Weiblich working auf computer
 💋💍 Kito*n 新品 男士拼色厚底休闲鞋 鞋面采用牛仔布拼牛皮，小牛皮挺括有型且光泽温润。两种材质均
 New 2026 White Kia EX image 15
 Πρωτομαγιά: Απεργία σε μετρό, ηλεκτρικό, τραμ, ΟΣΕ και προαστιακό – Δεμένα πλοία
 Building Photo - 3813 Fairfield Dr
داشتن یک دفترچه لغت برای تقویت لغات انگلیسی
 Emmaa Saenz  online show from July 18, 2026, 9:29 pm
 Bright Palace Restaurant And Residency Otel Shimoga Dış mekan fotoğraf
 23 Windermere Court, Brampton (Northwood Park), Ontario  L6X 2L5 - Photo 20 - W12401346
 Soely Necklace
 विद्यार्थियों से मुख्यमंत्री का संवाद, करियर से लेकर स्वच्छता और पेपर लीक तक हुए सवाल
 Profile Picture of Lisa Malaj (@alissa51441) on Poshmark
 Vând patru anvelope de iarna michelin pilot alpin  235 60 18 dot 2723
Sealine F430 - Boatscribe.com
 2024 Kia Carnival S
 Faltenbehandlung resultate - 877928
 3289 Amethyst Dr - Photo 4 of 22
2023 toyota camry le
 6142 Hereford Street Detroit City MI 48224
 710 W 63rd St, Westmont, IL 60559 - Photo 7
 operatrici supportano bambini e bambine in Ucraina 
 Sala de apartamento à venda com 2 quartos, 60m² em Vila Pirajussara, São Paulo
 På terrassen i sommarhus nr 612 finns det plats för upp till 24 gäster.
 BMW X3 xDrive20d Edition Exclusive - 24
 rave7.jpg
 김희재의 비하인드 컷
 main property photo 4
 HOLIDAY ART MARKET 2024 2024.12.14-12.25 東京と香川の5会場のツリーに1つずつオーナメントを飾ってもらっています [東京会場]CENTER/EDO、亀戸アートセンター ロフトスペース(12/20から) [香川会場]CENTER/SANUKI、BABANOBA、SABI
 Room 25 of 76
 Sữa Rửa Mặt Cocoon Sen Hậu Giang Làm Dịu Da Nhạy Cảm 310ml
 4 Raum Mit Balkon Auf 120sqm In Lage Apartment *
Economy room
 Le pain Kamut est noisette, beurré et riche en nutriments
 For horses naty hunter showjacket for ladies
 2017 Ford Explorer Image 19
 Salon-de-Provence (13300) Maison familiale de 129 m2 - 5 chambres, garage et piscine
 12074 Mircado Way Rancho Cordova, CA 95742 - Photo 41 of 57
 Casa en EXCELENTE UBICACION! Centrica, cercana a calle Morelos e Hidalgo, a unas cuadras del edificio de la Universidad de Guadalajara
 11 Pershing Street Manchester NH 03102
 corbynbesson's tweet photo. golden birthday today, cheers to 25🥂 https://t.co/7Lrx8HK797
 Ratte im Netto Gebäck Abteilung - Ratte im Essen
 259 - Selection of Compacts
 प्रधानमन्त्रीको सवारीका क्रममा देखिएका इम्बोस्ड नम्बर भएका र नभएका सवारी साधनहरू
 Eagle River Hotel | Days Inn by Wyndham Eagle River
========================
**Problem statement**
Each line of the entries above that includes the string "Street" should be copied out.

**Solution below**
 6142 Hereford Street Detroit City MI 48224
 11 Pershing Street Manchester NH 03102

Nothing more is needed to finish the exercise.